| How to complete this task |
For the listing below, print exactly the lines from the line with "Sergi Palencia con el Barca" to the line with "2613 Globe Ave - Photo 6 of 11", both included, and nothing beyond them.

____________________

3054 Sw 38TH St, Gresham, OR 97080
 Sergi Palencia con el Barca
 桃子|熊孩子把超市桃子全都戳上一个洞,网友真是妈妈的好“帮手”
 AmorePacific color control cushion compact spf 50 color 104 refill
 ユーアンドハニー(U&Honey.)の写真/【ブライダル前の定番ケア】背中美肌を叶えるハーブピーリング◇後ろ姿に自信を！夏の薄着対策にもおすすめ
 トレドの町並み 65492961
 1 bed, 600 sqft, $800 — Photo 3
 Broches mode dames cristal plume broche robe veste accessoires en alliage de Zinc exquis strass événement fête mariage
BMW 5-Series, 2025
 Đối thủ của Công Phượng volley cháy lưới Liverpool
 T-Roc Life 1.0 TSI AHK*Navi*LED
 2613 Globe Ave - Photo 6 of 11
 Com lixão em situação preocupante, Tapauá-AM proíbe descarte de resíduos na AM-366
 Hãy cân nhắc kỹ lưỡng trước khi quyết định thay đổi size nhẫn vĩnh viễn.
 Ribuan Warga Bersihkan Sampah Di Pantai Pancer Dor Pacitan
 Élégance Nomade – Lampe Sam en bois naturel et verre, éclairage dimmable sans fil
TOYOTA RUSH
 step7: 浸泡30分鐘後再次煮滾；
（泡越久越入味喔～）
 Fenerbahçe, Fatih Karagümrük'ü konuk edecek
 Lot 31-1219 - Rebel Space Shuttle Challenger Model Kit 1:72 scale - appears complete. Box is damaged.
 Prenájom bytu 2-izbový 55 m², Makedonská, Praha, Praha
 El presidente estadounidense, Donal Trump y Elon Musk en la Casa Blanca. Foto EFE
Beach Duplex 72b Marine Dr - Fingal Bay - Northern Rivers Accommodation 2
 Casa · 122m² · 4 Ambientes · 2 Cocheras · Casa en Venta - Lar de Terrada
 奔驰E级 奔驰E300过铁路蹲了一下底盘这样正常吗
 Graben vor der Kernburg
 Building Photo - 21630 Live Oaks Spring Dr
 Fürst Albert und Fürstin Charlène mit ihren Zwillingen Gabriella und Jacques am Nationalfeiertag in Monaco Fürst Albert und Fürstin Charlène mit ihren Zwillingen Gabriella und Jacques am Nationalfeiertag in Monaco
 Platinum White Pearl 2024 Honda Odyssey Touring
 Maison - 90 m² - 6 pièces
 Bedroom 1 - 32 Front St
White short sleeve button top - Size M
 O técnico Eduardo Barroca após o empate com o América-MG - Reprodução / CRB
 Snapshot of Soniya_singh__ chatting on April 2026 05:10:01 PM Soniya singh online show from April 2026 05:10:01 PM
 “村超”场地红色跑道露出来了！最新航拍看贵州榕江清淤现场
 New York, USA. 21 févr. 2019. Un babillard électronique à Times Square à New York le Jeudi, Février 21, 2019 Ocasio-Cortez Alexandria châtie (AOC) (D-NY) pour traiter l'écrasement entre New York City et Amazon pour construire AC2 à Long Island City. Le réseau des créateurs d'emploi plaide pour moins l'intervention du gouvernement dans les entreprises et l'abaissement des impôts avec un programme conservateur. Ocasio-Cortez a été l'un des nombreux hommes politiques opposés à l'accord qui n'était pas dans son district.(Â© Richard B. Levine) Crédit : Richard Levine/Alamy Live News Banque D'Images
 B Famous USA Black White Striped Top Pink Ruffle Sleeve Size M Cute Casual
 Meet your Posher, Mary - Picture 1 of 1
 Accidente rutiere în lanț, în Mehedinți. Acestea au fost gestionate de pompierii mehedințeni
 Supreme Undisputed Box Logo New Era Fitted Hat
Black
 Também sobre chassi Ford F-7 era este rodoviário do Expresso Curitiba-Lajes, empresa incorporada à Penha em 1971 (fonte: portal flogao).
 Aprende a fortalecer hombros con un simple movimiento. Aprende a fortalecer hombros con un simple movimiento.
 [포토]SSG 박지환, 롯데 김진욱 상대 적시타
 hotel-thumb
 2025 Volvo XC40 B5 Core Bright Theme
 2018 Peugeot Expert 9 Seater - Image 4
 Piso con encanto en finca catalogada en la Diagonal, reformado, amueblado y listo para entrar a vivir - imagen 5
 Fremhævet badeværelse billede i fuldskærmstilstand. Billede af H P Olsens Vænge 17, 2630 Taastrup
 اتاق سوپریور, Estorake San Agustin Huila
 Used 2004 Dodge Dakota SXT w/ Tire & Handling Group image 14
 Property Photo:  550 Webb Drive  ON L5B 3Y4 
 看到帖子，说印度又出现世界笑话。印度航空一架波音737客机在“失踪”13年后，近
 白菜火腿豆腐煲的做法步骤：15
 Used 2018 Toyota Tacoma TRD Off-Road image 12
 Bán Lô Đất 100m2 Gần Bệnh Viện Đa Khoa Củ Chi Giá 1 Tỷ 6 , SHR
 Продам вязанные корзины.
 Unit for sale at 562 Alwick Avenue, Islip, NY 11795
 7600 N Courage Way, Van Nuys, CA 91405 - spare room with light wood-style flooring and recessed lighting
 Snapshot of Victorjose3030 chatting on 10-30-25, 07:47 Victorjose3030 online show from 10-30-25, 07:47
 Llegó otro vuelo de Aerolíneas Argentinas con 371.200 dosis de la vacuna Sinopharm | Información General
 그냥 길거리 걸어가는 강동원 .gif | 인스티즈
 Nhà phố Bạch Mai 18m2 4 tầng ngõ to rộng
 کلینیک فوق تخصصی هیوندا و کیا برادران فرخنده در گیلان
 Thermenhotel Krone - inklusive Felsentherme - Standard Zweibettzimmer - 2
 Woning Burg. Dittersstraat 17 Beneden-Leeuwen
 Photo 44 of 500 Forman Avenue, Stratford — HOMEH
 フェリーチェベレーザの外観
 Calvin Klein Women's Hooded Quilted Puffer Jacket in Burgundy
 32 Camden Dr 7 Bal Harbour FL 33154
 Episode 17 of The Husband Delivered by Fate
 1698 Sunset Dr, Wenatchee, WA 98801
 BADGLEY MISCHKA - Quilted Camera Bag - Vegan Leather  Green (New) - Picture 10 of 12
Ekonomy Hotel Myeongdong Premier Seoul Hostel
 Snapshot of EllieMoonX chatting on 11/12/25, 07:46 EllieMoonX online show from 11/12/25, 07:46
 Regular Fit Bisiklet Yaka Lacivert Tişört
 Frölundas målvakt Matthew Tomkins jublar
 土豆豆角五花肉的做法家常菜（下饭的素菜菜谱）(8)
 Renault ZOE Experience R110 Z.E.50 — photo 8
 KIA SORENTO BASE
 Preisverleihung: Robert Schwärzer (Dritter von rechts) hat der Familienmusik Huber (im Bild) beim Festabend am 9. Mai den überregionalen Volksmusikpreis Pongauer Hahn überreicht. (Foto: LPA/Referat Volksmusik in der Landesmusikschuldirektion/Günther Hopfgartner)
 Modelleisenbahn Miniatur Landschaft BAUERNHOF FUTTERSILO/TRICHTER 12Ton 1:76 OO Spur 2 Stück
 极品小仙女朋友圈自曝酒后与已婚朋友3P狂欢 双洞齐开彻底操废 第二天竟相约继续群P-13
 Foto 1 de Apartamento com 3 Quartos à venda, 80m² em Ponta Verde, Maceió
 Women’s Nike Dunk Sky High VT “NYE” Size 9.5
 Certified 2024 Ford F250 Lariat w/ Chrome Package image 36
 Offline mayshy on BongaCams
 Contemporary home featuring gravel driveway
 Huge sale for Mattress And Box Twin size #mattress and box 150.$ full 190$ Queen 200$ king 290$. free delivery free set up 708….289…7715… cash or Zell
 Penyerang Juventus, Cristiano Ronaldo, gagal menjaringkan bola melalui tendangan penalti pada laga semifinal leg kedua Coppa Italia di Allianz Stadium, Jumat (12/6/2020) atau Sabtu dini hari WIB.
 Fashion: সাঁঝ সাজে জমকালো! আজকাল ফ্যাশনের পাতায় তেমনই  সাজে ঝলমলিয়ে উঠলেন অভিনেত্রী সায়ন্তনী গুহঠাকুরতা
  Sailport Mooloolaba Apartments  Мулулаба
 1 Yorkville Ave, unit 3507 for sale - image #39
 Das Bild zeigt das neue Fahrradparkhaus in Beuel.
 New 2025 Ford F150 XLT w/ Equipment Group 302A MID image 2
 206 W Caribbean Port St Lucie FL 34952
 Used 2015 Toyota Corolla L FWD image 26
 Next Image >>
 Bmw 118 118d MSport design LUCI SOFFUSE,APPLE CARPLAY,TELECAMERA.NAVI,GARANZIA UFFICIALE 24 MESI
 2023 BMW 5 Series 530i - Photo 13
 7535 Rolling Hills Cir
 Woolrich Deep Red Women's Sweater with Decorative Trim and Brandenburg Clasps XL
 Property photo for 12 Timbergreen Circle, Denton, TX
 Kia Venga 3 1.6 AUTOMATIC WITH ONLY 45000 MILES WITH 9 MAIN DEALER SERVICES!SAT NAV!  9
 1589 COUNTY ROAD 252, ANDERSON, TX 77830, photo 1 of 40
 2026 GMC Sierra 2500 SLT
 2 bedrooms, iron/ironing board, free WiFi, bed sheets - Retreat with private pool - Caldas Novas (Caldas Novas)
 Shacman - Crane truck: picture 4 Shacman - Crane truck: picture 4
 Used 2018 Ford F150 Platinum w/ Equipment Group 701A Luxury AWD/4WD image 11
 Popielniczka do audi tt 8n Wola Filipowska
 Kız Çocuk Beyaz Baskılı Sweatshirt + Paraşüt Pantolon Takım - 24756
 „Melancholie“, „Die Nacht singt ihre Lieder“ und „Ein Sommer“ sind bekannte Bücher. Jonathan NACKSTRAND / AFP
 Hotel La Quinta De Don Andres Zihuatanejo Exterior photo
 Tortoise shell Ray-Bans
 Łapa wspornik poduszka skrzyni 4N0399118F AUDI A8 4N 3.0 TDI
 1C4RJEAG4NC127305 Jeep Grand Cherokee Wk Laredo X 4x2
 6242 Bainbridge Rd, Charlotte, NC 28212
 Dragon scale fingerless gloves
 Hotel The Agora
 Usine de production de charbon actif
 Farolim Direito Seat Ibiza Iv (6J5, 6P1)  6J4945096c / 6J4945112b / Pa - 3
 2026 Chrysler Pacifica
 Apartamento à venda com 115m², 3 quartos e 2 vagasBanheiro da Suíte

____________________

| Answer to the exercise |
 Sergi Palencia con el Barca
 桃子|熊孩子把超市桃子全都戳上一个洞,网友真是妈妈的好“帮手”
 AmorePacific color control cushion compact spf 50 color 104 refill
 ユーアンドハニー(U&Honey.)の写真/【ブライダル前の定番ケア】背中美肌を叶えるハーブピーリング◇後ろ姿に自信を！夏の薄着対策にもおすすめ
 トレドの町並み 65492961
 1 bed, 600 sqft, $800 — Photo 3
 Broches mode dames cristal plume broche robe veste accessoires en alliage de Zinc exquis strass événement fête mariage
BMW 5-Series, 2025
 Đối thủ của Công Phượng volley cháy lưới Liverpool
 T-Roc Life 1.0 TSI AHK*Navi*LED
 2613 Globe Ave - Photo 6 of 11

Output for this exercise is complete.